Bang Bang You're Dead is a 2002 American thriller drama television film directed by Guy Ferland and written by William Mastrosimone. It stars Tom Cavanagh, Ben Foster, Randy Harrison, and Janel Moloney. Based on Mastrosimone's 1999 play, the film is not a direct adaptation; it follows a troubled high school student played by Foster who participates in his school's production of the play while attempting to avoid going down the same path as the play's lead character.

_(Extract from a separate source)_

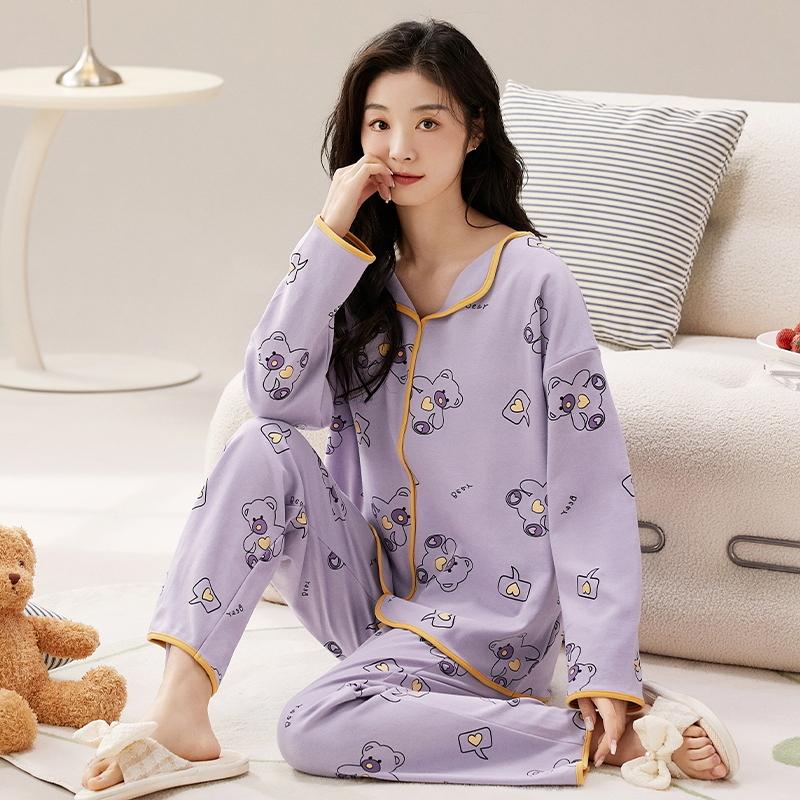 Bear Blue Flower Women Pajamas Set Long Sleeves Long Pants Autumn Winter Cute Kawaii Sleepwear Pyjamas Soft Pijamas Ladies Cozy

The film premiered at the Seattle International Film Festival on June 7, 2002, and aired on Showtime on October 13, 2002.

==Plot==
16-year-old Trevor Adams attends an American high school where he is one of the outcasts harassed and humiliated by the school's jocks. He made a false threat to bomb the school a few months ago, narrowly escaping expulsion. Since then, Trevor has been trying to fit back in to normal high school life. He joined a theater group and has been chosen to star in a school play about school shootings called Bang Bang You're Dead as the main character, Josh. After parents and the community hear of the play and its lead actor, they call for it to be canceled.

But Trevor's theater activity, alone, is not sufficient to let off the steam of his boiling resentment. Using his video camera, he has been documenting bullying at school, creating a "diary of violence".

Trevor and his friends Sean, Mark and Kurt, make plans to storm the school with guns and kill as many of the hated athletes as possible. Trevor meets Jenny, also 16, who stays by him and stands up for him. Through her, Trevor begins to doubt whether the act he plans is right.

In the end, he is the only one to realize that bloodshed only fuels more violence and hatred, and evacuates the school with his art teacher, Mr. Duncan. At the last minute, Trevor prevents bloodshed by overwhelming Kurt, Sean and Mark.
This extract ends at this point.